J'irai jusqu'à la mer. par Agnes Figueras-Lenattier, le 2 juin 2015

Laurent Hasse travaille comme réalisateur pour le cinéma et la télévision. Après un grave accident de voiture, il décide deux ans après de traverser la France en hiver 2007 du Sud vers le Nord. Il effectuera un périple de 1500 km avec juste un sac à dos, une boussole et une caméra. En 2012, sortira son film "Le bonheur terre promise" sélectionné dans de nombreux festivals internationaux et plusieurs fois récompensé. Puis début 2015, ce sera la parution de son livre intitulé "J'irai jusqu'à la mer.."

Deux ans avant d'entreprendre ce périple, vous avez été victime d'un grave accident de voiture. Vous n'étiez pas sûr de remarcher.. Avez-vous gardé des séquelles ?

J'ai pleinement retrouvé l'usage de mes jambes, et l'équilibre mais ce n'était pas gagné d'avance. En effet, lorsque je suis sorti de l'hôpital, les médecins m'ont laissé entendre que je serai obligé de marcher avec une canne tout au long de ma vie. D'une part j'ai eu beaucoup de chance, et d'autre part j'ai fait beaucoup de rééducation. J'ai également rencontré un ostéopathe qui m'a vivement conseillé de m'intéresser aux pratiques telles que le yoga, le Qi qong et le tai-chi. Et c'est lorsque je me suis mis au tai-chi, que j'ai senti qu'il se passait quelque chose. En tout cas au niveau de l'équilibre. Je suis d'ailleurs devenu un adepte de cette méthode. Malheureusement, j'ai perdu l'odorat, donc une bonne partie du goût.

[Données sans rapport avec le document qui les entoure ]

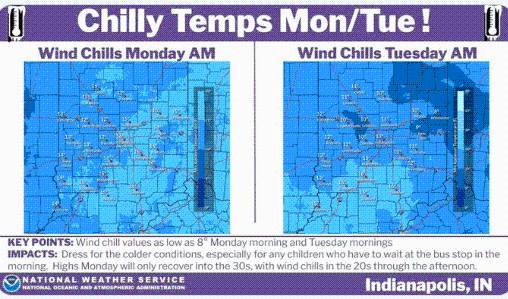 NWS: Watch Out for Snow and Cold Temperatures Across Indiana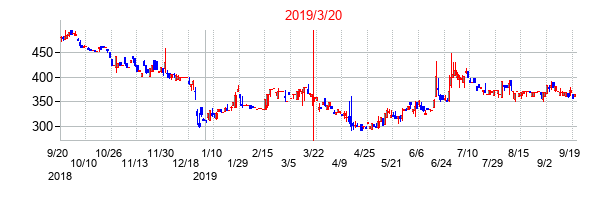 2019年3月20日決算発表前後のの株価の動き方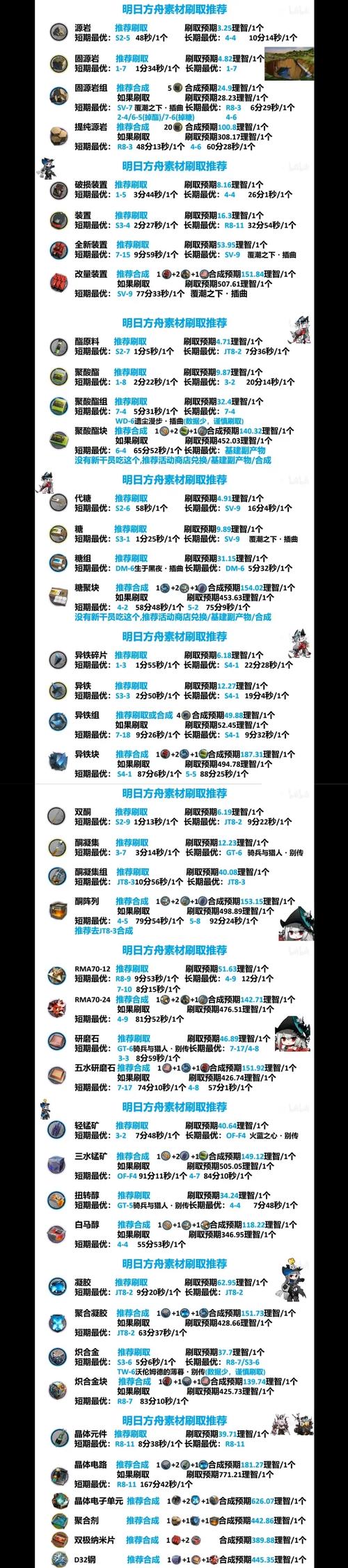 明日方舟全材料速刷地点在哪?全材料速刷地点介绍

Auparavant vous n'aviez jamais pensé à une telle aventure ?

Non pas de cette façon. C'est vrai ceci dit, que l'idée d'aller à la rencontre de personnes lambda croisées et rencontrées par hasard me trottait dans la tête depuis un bout de temps. Mais ce n'était pas très précis..

Vous avez fait ce voyage en hiver. Etait-ce par souci d'authenticité et de tranquillité ?

On pourrait parler d'une certaine forme de retraite, d'une recherche d'un moment à soi. Je voulais m'extraire de mon quotidien, de mes habitudes, des contraintes, de l'environnement familial, professionnel, de mes repères. J'avais envie et besoin de quitter Paris, ma vie de sédentaire, mon confort de petit bourgeois, et d'aller me frotter un peu à l'inconnu.

De nombreuses personnes vous ont offert un café, d'autres vous ont hébergé. Vous évoquez certaines de ces rencontres dans votre film ou dans votre livre. Comment s'est opérée la sélection ?

Je n'ai évidemment pas pu parler de tout le monde. J'ai essayé de ne conserver que les rencontres qui m'avaient vraiment plu, fait réfléchir ou avancer. Pour être caricatural, j'ai tenté de garder uniquement les philosophes. Que ce soit des jeunes de banlieue, ou des retraités dans le Cantal qui m'ont permis de me poser des questions sur le sens de l'existence et donc de ma propre existence.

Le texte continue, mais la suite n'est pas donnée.